The Tale of Faugheen: Bargain Buy Super-Horse
Buying a horse is obviously a big decision. The process, of course, can be inexpensive or a testament to affluence, but the truth is that there can always be a surprise, regardless of what you pay. For example, The Green Monkey, which at $16,000,000 was the highest priced ever paid for a thoroughbred, never really got his race career going, nor did stud fees in anyway reach expectations.
But, at times, you might get a lot more than you bargained for, as was the case with two Irish brothers who bought a horse for €4,000 (approx. $5,000) in 2008. Ten years later, that horse, Faugheen, is possibly the most famous horse in Irish racing and still going strong at the big UK and Ireland national hunt races.
Mullins knew he had something special
Faugheen changed hands a couple of times and eventually made his way to the stables of Rich and Susannah Ricci. Their best horses are trained by Willie Mullins, arguably the greatest jumps racing trainer of the 21st century. In 2013, as Faugheen made effortlessly won lower grade races in places like Punchestown and Navan, it became clear Mullins had something special on his hands.

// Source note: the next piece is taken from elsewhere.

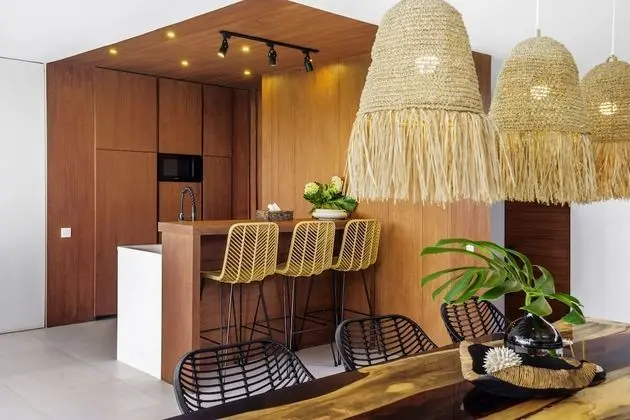 Villa, 3 Yatak Odası, Kişiye Özel Havuzlu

The first big test for Faugheen came at the 2014 Cheltenham Festival, where he would take on his first ever Grade 1 contest: the Neptune Investment Management Novices’ Hurdle, which is one of the most important races for novices in British horse racing. Faugheen blew the competition out of the water, landing the win by over 4 lengths in a strong finish.

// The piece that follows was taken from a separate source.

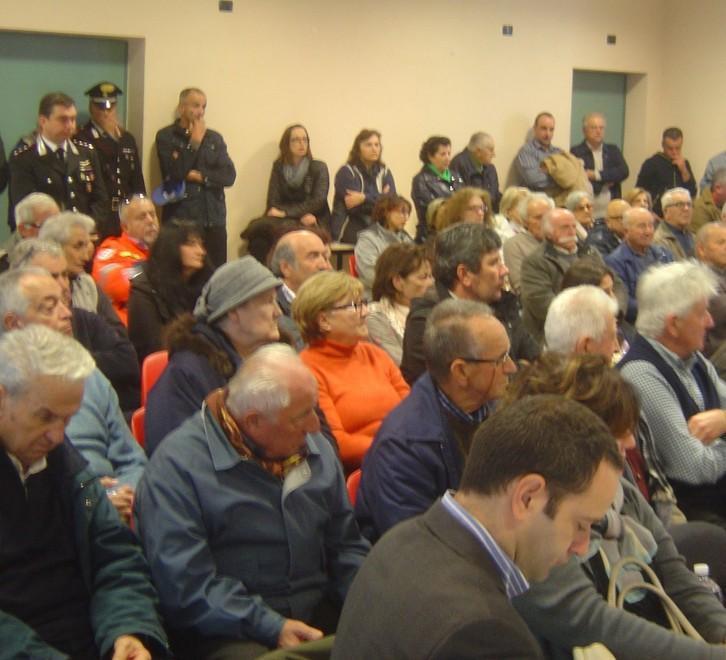 «Sicurezza, più controlli anche di notte»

Faugheen won first 10 races
After that, the goods time rolled in. Faugheen, earning the nickname “The Machine” from adoring Irish punters, racked up win after win, not only going unbeaten but trouncing the opposition in the process. He was a sure thing in every race, a betting lock. In 2015, he returned to Cheltenham to triumph in the Champion Hurdle – his biggest win to date. By that time, they were talking about Faugheen being potentially one of the greatest hurdlers in history.

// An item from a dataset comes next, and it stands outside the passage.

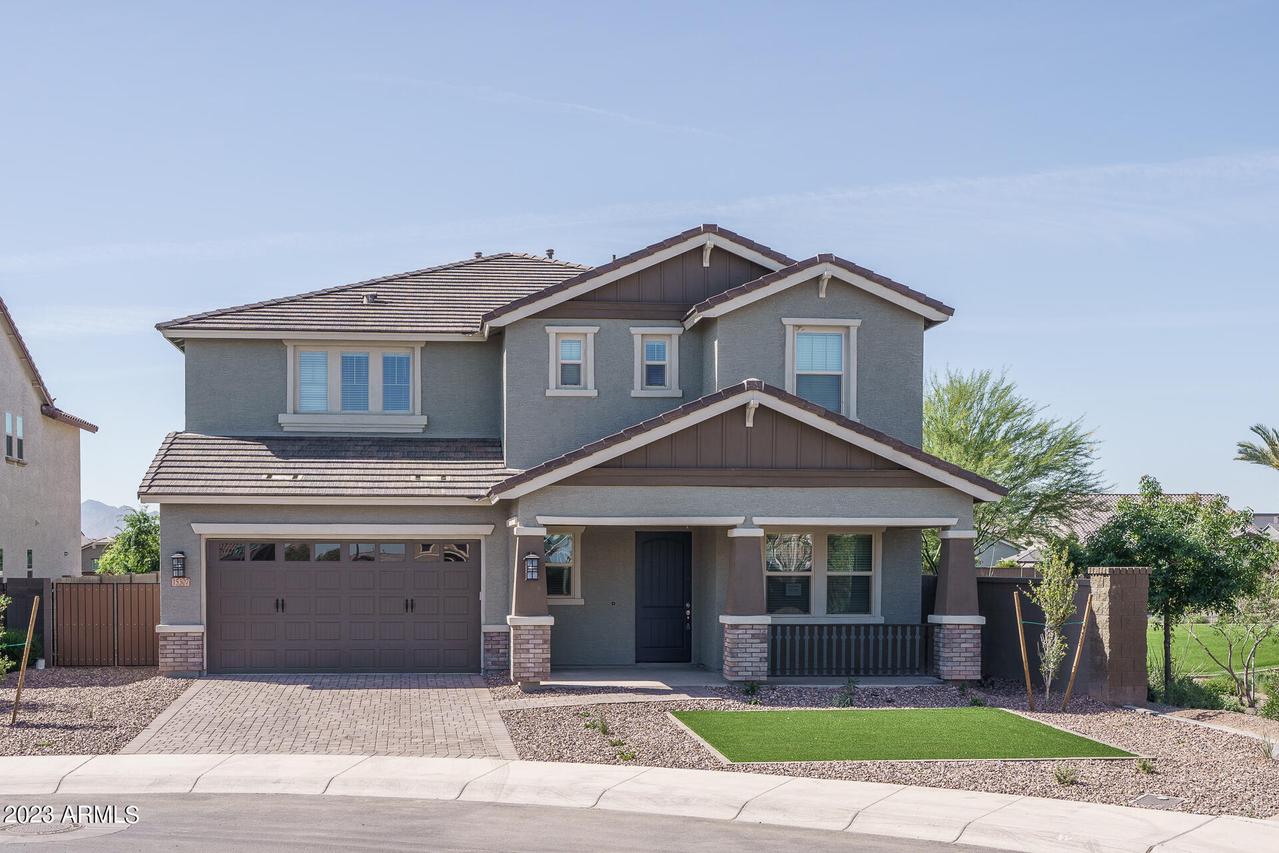 15307 W Linden St., Goodyear, AZ 85338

At the end of 2015, something very strange happened – Faugheen came second in a race. The connections put it down as something of a blip and, indeed, he racked up a couple of wins soon after. But all was not well when he was pulled from the 2016 and 2017 Cheltenham Festivals. Rumours abounded about his injuries. Comebacks were made and fell flat. Faugheen entered the 2018 Champion Hurdle and was soundly beaten. The Machine had broken down. Faugheen was finished.
Faugheen backed to win at Cheltenham next year
Or was he? A month later, rather surprisingly, Faugheen was brought back to contest the Grade 1 Irish Stayers’ Hurdle in Punchestown, run over a longer distance that what Faugheen had been used to in the past. Faugheen won by an astonishing 13 lengths and changed the discourse of the new national hunt season’s horse racing betting. He is now 5/1 favorite with Betway for the 2019 Stayers’ Hurdle at the Cheltenham Festival, ahead of 7/1 shot Penhill (whom Faugheen beat by 13 lengths in that comeback race). There is even a market of 25/1 for Faugheen to return to the Champion Hurdle next year.
One thing to note about Faugheen is that, when at his best, he has that x-factor quality that delights horse racing fans, like a sixth-sense knowing when to turn it on. To see him accelerating away from the field is something special. It charges the crowds at the races, gives goose bumps to those watching greatness in action. Faugheen’s fans, and there are many, will be hoping that the soon-to-be 11-year-old can dazzle one last time at Cheltenham next year.
In horse racing terms, this is all a fairy tale story, one that could easily have never been. What if the pair of brothers had not started the chain events that led Faugheen to the Ricci family? What if Willie Mullins had never taken the horse under his assured hand? What if Faugheen hadn’t spent his peak years fighting injury? Ireland’s race horse industry is a multi-billion dollar one, creating some of the greatest of all time on the flat and over jumps. But, Irish racing fans also love a story of glory and failure, and subsequent redemption: Faugheen is still telling that story today.